Tengo que ser delgada | Por: Dalia Gutiérrez

Hoy por la tarde que fui a mi consulta médica de rutina, me topé con algo que me sacó un poco de lo rutinario: era un enfermero el que estaba en turno. Un hombre como de 35 años, alto (al menos para mí), cabello negro y una sonrisa extrovertida. Desde ese momento la situación me pareció divertida, como si anticipase que algo interesante estaba por venir.

Le proporcioné mis datos y me senté para que revisara mis signos vitales. Tomo mi presión arterial y mientras retiraba el baumanómetro de mi brazo me dijo remarcando su sonrisa:

“Ahorita le voy a decir algo que al 90 por ciento les asusta, pero a usted no le va a asustar”.
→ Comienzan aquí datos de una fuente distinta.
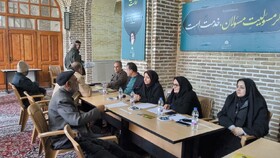 میز خدمت بهزیستی قزوین؛ دیدار چهره به چهره مدیران با مردم در هفته افراد دارای معلولیت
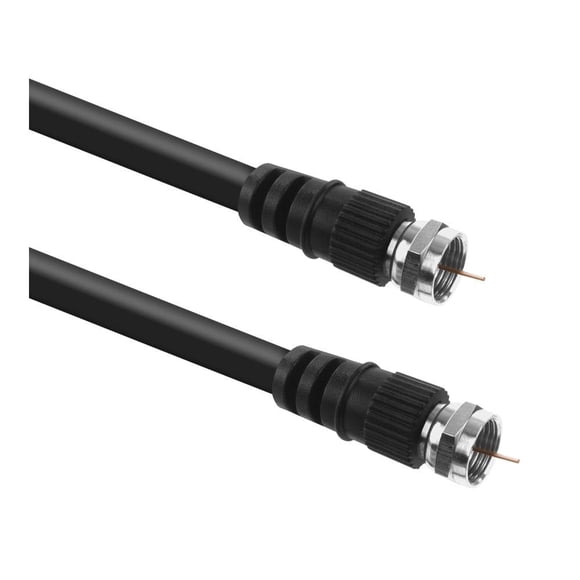 Cable Coaxial Rosca-Rosca 9Mts Steren WMS-4500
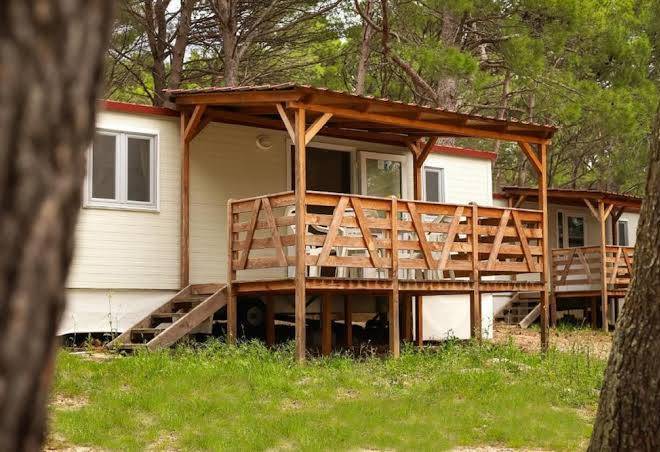 Mobile Homes Adriatic Kampovi Basko Polje Image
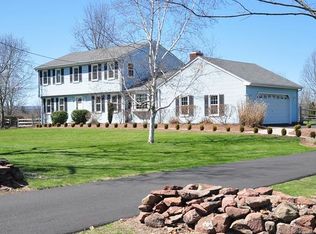 3864 Phelps Rd, West Suffield, CT 06093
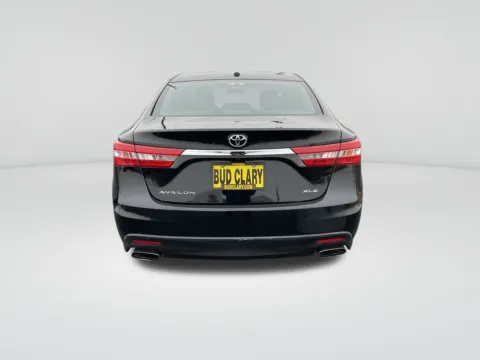 More photos of 2015 Toyota Avalon XLE at Toyota of Yakima, WA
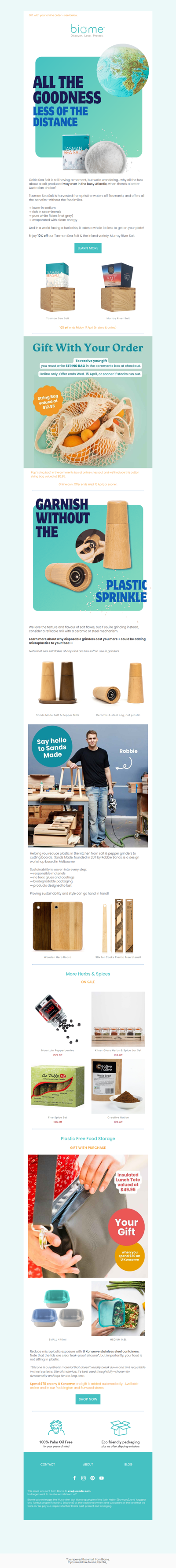 A Better Salt Than Celtic? 🧂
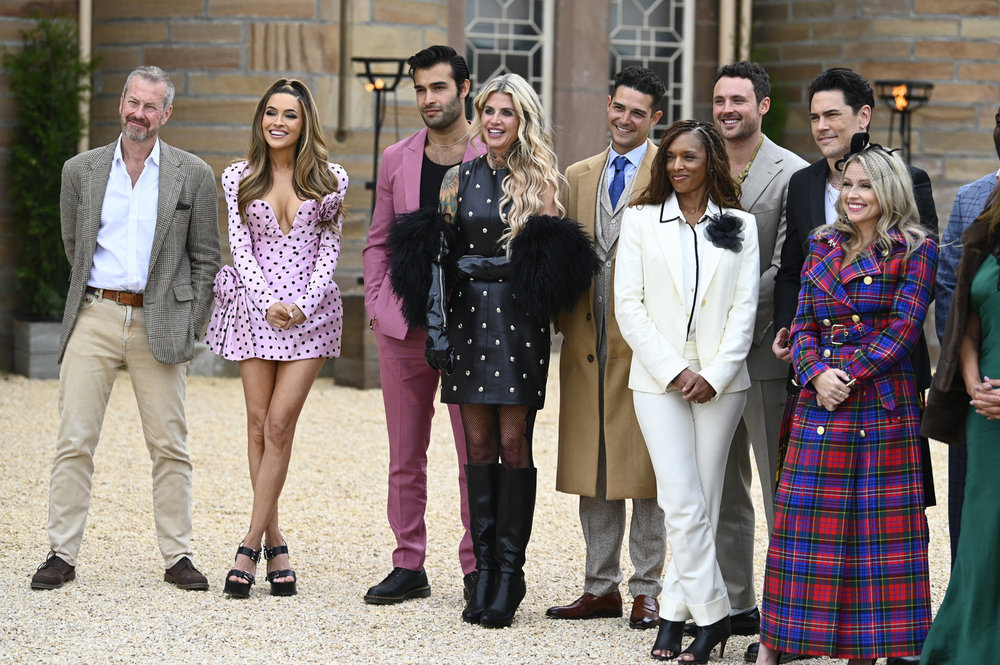 La saison 3 des traitors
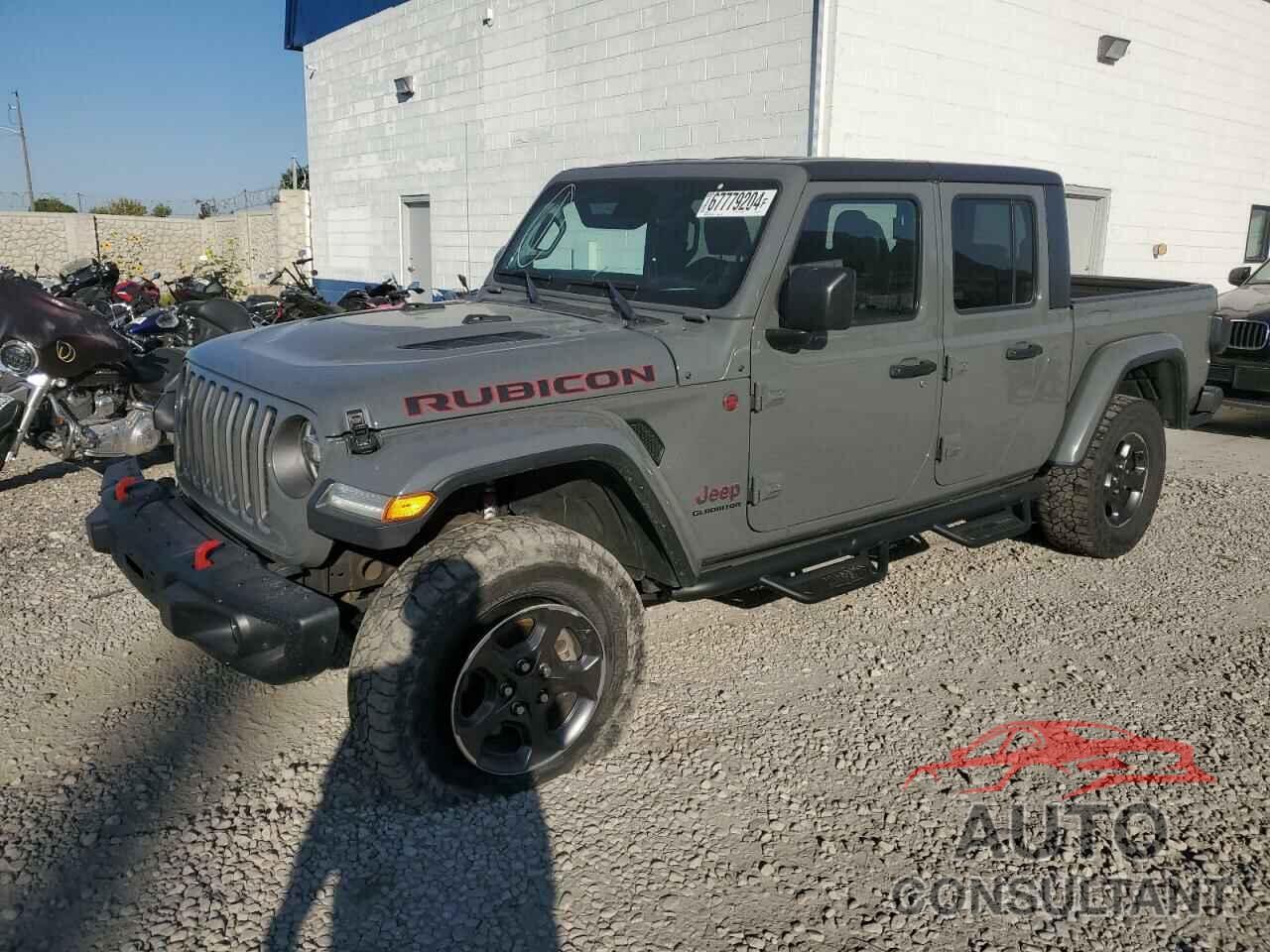 JEEP GLADIATOR 2020 - 1C6JJTBG1LL188518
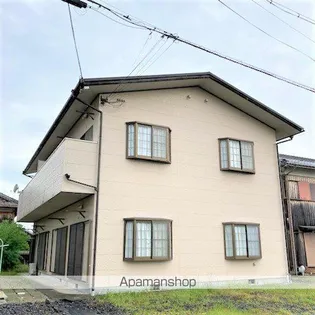 ベル・パステ【1階】の外観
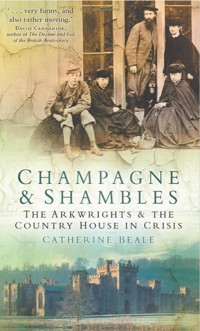 Champagne and Shambles - Catherine Beale - ebook
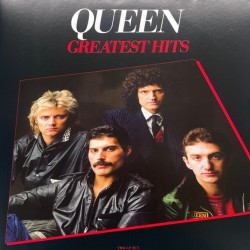 Queen - Greatest Hits (2xLP - 180g - Gatefold)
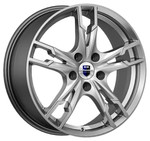 Диск K&K Солар 7x17 5*105 Et:40 Dia:56,6 дарк платинум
Al escucharlo no imaginé a qué se refería  pero segundos después, mientras colocaba sus dedos en mi muñeca, advertí lo que sería. Terminó de anotar mis datos en el registro y fue entonces cuando salió de su boca aquellas palabra que para muchas mujeres resulta ser una sentencia de muerte.

Báscula”.

Reí, porque había acertado, pero también porque a pesar de tener un peso excelente para los doctores y porque contrario a lo que el enfermero había afirmado unos instantes antes, para mí sigue siendo una tortura. No hice comentario alguno. Me levanté de la silla y me subí al tan temido aparato; marcó 51kg.

“Muy bien, usted no tiene de qué preocuparse”.

Me dejó pensando. ¿De qué me preocupo?

Veces anteriores siempre me tocó que me atendiera una enfermera. Puedo contar con los dedos de mi mano las veces que me pidieron para pasar a la báscula (y me sobran dedos). “¿Cuánto pesas?”, acostumbran preguntarte. Siempre pensé que se trataba de flojera, pero ya no estoy tan segura. ¿Será que entienden lo difícil que suele ser para una mujer ver correr la viga hacia la derecha? Prefieren ahorrar ese dolor y dar la libertar de mentir sobre sus medidas para no atormentar su mente y corazón.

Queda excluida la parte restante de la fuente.